La società tradizionale, pertanto, ritrova la sua attualizzazione nel fascismo, inteso come momento spirituale di pura luce, giustizia, verità e potenza rappresentata dal fascio littorio su cui si innesta l’ascia bipenne, simbolo della romanità antica e del suo imperium. De Giorgio vede nel regime mussoliniano un’azione riordinatrice nei confronti della decadenza del mondo moderno, da non intendersi unicamente dal punto di vista pratico, politico e sociale, quindi esteriore, ma anche e soprattutto da quello interiore, dove l’uomo moderno ha perso ogni senso del suo essere sé stesso, creatura di Dio.

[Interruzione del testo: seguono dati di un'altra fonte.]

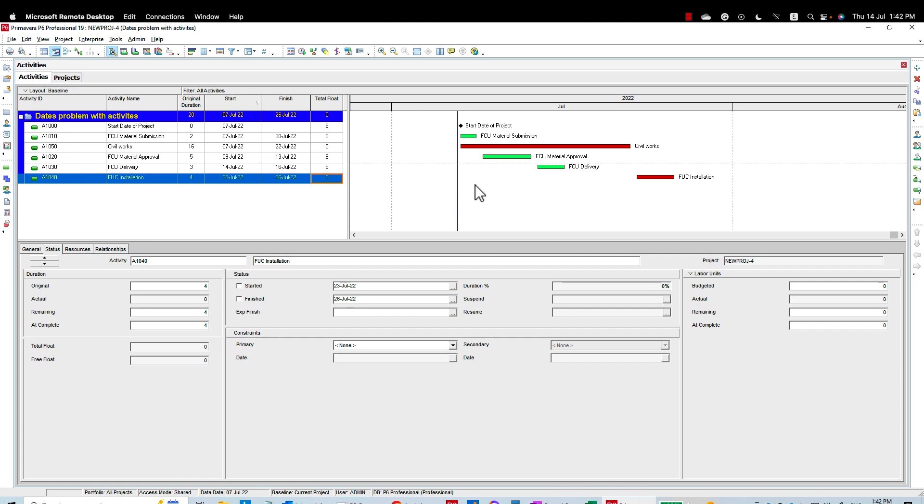Assalamu alaikum warahmatullah, this is Hany Ismail from Planning Engineer website. Today's question is very nice and very simple: Hany, I need to know how to reduce the total float of my materials submittal and procurement, and this is also applicable for shop drawings and so on.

Il figlio di De Giorgio, Havis, (1914-1939)) è stato un militare italiano, medaglia d’oro al valor militare. Nato in Tunisia, si iscrisse alla Facoltà di Lettere dell’Università di Torino. Interruppe gli studi al secondo anno per arruolarsi come camicia nera semplice nella 104ª sezione Camicie Nere della 4ª Divisione CC.NN. “3 gennaio”. Tra il 9 novembre 1935 ed il marzo 1936 rimaneva in zona d’operazioni, lasciandola in seguito all’ammissione al corso allievi ufficiali di complemento di Saganèiti
Ottenuta la nomina a sottotenente di complemento degli alpini il 25 giugno 1936, fu assegnato al battaglione “Saluzzo” dell’11º reggimento. Quando questa unità fu rimpatriata, fece richiesta con successo di rimanere in Africa e fu aggregato al Regio Corpo Truppe Coloniali, II Battaglione Eritreo “Hidalgo” della 9ª Brigata coloniale. Rimase in servizio con questo reparto per oltre due anni, effettuando numerose azioni di polizia nella regione del Gimma meridionale, nei pressi del Lago Margherita (oggi Lago Abaja) e del Lago Ruspoli (oggi Lago Ciamò). Nel 1941 l’Università di Torino gli ha conferito la Laurea in Lettere “ad Honorem” alla memoria.
Alla sua memoria è inoltre dedicato l’omonimo rifugio alpino (m. 1761) situato nei pressi delle sorgenti del fiume Ellero in una conca sormontata dalla punta omonima e dalle Rocche del Pis (Cuneo), contrafforti della Cima delle Saline.
Guido De Giorgio, dal temperamento scontroso e solitario, è morto per cause naturali il 27 dicembre del 1957 a Mondovì nella solitudine delle montagne piemontesi.